The 70-year-old stands for re-election at CAF Congress in Addis Ababa, Ethiopia, tomorrow but he must face the unusual vista of an opponent who has managed to cut a path through the barbed wire statutes with which the veteran Cameroonian has protected himself over his 29 years in charge.

Hayatou is one of the last representatives of the derided and disgraced old guard who shored up a corrupt culture within the upper echelons of world federation FIFA.

He has not been implicated in the criminal investigations being run by the authorities in both the United States and Switzerland. However he was rapped over the knuckles by the International Olympic Committee for accepting a disputed cash donation from ISL, FIFA’s bankrupt former marketing partner.

Hayatou also did all he could to prevent the election of Gianni Infantino in February last year as FIFA president in succession to banned Sepp Blatter.

Hayatou’s political antennae let him down when he ordered CAF to back the wrong horse in Asian president, Sheikh Salman bin Ebrahim Al Khalifa.

He paid for it not only in being removed from the presidency of the powerful finance committee but in being kicked off the panel altogether.

That ‘dismissal’ also cost him his place on the FIFA remuneration committee which had played such a dubious role previously in fixing excessive salaries and bonuses for the president and senior officers.

Infantino has denied involving himself in any of the recent elections in the regional conferations. However his attitude to Hayatou appeared obvious from the committee-room reorganisation. Infantino might wish only, perhaps, that Hayatou was facing an opponent from a more high-profile FA than Ahmad Ahmad of Madagascar.

At least Ahmad has been able to lobby for, and build support from within the executive committee – as the election rules demand – and has drawn support from beyond the increasingly disaffected south of Africa.

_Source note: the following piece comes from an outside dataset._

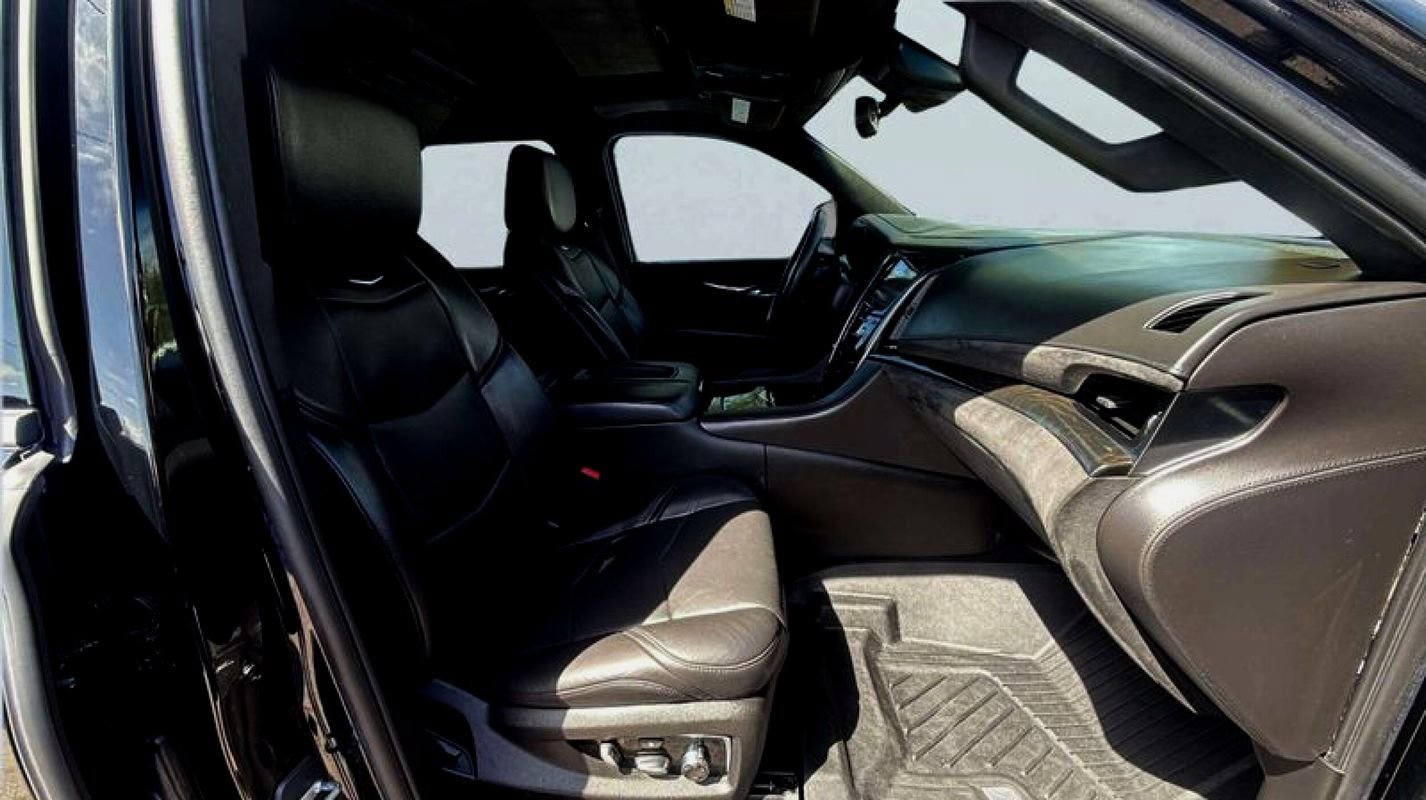 Used 2018 Cadillac Escalade ESV Platinum image 16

The Nigerian federation has defied its own government and come out in public support of Ahmad while Hayatou’s most famous fellow countryman, four-times African Footballere of the Year Samuel Eto’o, has also said it is time for a change at the top.

Hayatou has even had to try to fight off court complaint raised in CAF’s own Egyptian back yard – its HQ is in Cairo – concerning the monopolistic deal to grant Lagardère an extension from 2017 to 2028 in its media marketing rights without allegedly undergoing a tender process.

CAF has defended its Lagardère deal by saying “represented an enormous increase in the revenues guaranteed to CAF for its marketing and media rights, which secures significant and guaranteed funds for the benefit of African football over the next 12 years.”

Ahmad has grown ever more confident with so many critics of Hayatou losing their inhibitions about going public with criticism.

Philip Chiyangwa, the Zimbabwean president of regional body COSAFA president who is Ahmad’s campaign manager, said: “We are set for an upset bigger than anything that you have ever seen.

“It’s a movement like nothing that you have ever seen in the game in Africa and there is no stopping the train now because we have passed the point where we could have been stopped and we were gathering momentum with every stop.

“When we told the world that we had 35 votes already secured, people looked at us as if we were joking but I can tell you, loud and clear, that we could even get far more than that because a lot of brave men are now coming out and preaching our gospel.”

Other elections will also be held among the 53 presidents of CAF’s federations (not a full 54 since Eritrea’s Tesfaye Gebreyesus is barred from entering Ethiopia). Congress has to approve new members on the exco and representatives on the expanded FIFA Council.

These elections have become ensnared in their own confusion after the withdrawal from FIFA ballot of Zambia’s Kalusha Bwalya and the rejection of other candidates after eligibility checks.